Martínez Climent, un breviario de Castilla

El escritor indaga a partir del paisaje de la España rural en las asfixias de nuestra época, caracterizada por el dogma de una supuesta libertad colectiva que ahoga a la literatura y al arte

30 enero, 2023 19:20

“Ahora como antes, la condición para esa magia es la soledad: como vivimos en un mundo desencantado por la técnica, que es la modalidad más visible del Gran Desencantador (el Estado), tan sólo queda el retiro como capa aislante frente a los ácidos disolventes de la luz, la razón de Estado o el derecho universal, que es algo que asiste a cualquiera para exigir el cumplimiento de lo primero que se le ocurre”. Quien así habla es el narrador de Liturgia de los días. Un breviario de Castilla (KRK, 2022), de José Antonio Martínez Climent (Alicante, 1965), una meditación en forma de once cartas dirigidas a un conferenciante (“Estimado A.”) cuyas charlas ve por internet.

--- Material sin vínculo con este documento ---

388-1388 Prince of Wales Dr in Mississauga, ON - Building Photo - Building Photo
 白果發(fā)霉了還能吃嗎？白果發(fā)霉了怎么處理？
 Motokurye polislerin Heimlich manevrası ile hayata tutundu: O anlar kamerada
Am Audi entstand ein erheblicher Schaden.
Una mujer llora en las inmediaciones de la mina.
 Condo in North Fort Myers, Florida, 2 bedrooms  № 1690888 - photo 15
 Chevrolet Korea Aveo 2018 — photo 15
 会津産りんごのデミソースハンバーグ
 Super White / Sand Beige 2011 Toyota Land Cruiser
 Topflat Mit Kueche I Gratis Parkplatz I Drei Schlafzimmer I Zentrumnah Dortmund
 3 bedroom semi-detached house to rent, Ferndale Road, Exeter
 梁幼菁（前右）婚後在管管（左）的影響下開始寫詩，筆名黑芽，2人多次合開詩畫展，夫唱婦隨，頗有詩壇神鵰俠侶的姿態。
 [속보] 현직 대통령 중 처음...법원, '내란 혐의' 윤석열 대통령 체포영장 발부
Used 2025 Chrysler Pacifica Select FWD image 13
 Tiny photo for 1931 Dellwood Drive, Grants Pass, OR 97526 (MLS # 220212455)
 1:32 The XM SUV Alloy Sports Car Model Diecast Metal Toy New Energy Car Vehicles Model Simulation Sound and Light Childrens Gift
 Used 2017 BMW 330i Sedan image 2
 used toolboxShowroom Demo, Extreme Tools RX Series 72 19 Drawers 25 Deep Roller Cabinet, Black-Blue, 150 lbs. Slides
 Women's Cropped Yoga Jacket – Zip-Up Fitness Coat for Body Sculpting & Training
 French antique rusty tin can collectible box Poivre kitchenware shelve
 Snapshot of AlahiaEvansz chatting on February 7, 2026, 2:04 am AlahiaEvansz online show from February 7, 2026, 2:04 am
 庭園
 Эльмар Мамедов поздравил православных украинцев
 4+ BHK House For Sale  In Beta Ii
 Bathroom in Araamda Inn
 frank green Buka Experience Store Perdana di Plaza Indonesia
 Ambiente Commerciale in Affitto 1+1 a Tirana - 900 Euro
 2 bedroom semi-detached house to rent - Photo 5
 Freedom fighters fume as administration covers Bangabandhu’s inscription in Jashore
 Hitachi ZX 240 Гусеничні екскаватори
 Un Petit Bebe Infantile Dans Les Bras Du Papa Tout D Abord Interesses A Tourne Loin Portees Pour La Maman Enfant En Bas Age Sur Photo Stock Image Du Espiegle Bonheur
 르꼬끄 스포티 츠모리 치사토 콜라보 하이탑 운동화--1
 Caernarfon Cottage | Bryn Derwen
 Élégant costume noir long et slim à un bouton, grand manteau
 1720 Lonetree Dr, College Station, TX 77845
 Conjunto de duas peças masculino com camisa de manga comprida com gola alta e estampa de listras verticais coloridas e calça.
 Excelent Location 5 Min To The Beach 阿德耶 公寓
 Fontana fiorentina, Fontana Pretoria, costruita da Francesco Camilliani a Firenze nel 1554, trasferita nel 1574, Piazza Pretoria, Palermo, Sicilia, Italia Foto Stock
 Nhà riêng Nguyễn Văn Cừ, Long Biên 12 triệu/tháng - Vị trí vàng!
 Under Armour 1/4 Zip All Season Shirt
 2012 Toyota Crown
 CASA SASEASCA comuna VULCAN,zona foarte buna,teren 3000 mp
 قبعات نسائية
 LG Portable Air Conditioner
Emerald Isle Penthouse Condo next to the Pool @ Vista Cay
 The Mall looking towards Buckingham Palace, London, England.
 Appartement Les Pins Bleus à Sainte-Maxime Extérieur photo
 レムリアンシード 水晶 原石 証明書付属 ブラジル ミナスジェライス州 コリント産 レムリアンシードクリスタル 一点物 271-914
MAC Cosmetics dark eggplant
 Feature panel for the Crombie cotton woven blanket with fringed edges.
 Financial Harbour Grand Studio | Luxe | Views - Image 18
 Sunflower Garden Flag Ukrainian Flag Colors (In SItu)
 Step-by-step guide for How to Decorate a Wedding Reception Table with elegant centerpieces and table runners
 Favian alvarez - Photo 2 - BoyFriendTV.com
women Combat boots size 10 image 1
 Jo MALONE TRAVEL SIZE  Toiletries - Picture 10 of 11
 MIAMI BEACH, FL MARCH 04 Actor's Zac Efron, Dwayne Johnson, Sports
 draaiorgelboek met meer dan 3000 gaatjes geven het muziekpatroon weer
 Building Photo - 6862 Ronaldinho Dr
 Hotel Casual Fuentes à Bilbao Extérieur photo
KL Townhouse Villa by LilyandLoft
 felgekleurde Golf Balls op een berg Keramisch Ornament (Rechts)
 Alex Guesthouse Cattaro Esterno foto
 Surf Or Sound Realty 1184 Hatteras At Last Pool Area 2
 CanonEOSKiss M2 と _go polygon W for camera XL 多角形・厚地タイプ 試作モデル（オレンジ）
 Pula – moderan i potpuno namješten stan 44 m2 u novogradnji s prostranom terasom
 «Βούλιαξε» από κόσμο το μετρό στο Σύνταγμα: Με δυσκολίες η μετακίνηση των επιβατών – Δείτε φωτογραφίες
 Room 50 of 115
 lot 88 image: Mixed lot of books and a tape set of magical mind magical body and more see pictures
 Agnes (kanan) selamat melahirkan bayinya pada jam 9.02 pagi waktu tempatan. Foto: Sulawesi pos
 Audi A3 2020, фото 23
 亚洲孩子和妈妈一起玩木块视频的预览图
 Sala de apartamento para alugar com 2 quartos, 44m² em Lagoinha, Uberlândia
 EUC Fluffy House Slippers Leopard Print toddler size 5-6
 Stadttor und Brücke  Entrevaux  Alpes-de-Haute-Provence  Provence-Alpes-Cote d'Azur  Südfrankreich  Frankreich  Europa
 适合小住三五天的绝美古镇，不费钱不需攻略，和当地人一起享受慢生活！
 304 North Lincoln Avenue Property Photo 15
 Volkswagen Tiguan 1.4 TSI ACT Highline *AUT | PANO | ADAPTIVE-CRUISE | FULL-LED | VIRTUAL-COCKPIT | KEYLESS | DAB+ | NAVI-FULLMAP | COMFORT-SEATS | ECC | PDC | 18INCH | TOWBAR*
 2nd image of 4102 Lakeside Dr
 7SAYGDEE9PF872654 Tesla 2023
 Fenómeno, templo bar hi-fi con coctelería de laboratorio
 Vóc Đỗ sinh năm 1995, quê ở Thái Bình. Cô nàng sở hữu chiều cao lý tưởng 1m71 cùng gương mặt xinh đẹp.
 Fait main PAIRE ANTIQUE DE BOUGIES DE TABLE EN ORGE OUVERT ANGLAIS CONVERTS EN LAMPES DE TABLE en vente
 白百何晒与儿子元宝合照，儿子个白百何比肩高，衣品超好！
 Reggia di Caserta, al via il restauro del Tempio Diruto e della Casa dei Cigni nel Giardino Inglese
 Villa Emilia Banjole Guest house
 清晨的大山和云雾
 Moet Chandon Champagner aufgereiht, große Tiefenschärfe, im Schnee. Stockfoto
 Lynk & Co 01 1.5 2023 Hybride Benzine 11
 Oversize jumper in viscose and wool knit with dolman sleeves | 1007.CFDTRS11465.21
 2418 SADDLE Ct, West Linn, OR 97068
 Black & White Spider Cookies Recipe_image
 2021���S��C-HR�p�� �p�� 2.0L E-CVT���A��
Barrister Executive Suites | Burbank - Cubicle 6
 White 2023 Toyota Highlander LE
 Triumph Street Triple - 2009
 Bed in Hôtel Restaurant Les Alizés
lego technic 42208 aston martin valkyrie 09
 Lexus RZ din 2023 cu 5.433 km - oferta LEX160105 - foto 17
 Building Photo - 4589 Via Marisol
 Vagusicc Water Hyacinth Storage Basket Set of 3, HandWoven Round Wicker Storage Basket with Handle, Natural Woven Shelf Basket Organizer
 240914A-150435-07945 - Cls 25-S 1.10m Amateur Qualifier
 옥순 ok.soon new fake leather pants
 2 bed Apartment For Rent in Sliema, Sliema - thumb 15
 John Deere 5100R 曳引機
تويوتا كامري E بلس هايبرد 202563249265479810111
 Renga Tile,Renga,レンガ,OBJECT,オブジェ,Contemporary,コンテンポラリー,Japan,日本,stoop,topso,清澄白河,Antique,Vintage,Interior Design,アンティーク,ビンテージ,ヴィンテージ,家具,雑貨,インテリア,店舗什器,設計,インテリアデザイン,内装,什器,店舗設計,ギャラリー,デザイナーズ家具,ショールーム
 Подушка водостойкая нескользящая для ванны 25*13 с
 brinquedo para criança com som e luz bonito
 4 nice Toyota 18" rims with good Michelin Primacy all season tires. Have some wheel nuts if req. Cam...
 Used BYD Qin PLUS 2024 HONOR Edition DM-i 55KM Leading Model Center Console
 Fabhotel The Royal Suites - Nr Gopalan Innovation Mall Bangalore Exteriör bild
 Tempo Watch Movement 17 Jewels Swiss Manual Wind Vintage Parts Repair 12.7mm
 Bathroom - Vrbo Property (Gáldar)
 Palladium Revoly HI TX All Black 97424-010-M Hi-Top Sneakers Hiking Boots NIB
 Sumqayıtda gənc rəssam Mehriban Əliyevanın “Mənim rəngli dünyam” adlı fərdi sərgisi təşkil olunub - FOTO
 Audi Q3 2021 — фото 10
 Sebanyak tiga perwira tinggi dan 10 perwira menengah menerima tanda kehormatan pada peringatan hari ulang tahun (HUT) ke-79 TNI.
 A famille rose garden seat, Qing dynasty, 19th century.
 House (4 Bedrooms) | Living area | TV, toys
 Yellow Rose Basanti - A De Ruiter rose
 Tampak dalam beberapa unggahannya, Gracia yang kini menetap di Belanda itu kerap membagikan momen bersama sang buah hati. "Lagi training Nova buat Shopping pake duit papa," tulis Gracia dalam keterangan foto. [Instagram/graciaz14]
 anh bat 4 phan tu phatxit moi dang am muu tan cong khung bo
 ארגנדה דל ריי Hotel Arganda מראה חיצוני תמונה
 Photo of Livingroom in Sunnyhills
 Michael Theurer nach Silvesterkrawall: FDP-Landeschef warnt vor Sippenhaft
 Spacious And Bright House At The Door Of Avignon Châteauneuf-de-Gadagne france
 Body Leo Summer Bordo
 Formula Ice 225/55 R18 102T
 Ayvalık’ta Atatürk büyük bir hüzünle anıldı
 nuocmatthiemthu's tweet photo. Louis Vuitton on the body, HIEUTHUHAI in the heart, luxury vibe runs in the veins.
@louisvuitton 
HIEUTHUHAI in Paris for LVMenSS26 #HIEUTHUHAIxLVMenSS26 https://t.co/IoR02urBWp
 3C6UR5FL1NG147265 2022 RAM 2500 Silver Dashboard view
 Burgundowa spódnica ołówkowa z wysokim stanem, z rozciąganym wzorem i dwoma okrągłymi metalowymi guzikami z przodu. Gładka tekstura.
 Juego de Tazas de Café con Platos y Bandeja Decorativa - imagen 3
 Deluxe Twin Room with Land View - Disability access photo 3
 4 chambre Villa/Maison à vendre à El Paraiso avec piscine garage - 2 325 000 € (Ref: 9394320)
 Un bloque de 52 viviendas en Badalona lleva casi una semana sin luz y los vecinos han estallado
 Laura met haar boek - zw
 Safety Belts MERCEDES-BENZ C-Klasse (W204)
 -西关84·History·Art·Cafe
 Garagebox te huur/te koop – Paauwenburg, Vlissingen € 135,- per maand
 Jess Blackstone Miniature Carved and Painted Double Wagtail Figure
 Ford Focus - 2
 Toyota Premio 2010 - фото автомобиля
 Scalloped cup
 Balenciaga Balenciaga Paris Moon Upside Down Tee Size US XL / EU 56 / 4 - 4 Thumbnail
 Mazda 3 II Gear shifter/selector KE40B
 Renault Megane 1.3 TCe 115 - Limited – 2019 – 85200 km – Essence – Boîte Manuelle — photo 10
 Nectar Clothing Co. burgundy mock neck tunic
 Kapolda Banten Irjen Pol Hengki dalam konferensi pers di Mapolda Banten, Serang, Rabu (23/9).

El personaje se ha retirado a un pequeño rincón de Castilla y se dedica sobre todo a estudiar el paisaje, la fauna y la flora, las lentas declinaciones de la luz, el carácter de los campesinos. Experto ornitólogo, observa con fruición la vida de las aves. A veces deja escapar detalles de su experiencia como biólogo en el Norte de Europa. También se infiere que en algún momento ha estado enfermo o impedido, postrado en una silla de ruedas. Es alguien, en cualquier caso, que intenta vivir y pensar fuera de las constricciones de nuestro tiempo.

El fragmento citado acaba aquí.